Historians claim that the disputed territory along the banks of the Nanticoke River, and Broad Creek in Sussex County, Delaware, was settled principally by families from the Eastern Shore of Maryland and Virginia on Lord Baltimore patents. The only way by which to account for these families immigrating to this locality is expressed in an old family tradition, which says that the reason of their migration was, a number of Indians from that section of the country had been in Virginia, and furnished a glowing account concerning the fertility of the soil, and told wonderful stories of the great timber and its rapid growth.
This was all disputed territory and grants were made both by Lord Baltimore and by William Penn. The first grant of land in this sparsely settled locality was made by Lord Baltimore, July 15, 1695, to George Layfield, for 540 acres on the main branch of the Nanticoke River in Great Neck, afterwards known as Nanticoke Hundred. This property was sold by Isaac Layfield to Charles Polk, March 19, 1777. Here stands the old brink mansion which was built by Charles Polk, father of Governor Charles Polk, who was a lieutenant in the Revolutionary War. In May 1705, William Penn made two grants of land in this section of 200 acres each, "lying on ye head of ye beaver dam which proceedeth out of the Nanticoke." But most of the settlers obtained their estates through Maryland Patents.

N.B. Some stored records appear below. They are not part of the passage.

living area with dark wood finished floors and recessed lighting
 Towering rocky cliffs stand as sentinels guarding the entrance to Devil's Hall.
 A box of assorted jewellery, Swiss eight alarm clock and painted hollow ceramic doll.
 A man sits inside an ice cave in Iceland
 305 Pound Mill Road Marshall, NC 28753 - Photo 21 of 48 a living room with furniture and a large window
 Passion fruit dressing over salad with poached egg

Although the boundary line of Delaware had been definitely settled in 1685, we find that on April 10, 1750 two Maryland warrants were issued to William Clarkson in North West Fork Hundred, called "Clarkson's Lot," and "Clarkson's Meadow." This infringement by the Maryland authorities upon the rights of Delaware continued in various parts of Sussex County until the end of the Eighteenth Century. And the deeds which are recorded in the Archives of Delaware are issued for Maryland property notwithstanding the fact that the land deeded was within the recognized limits of the State of Delaware.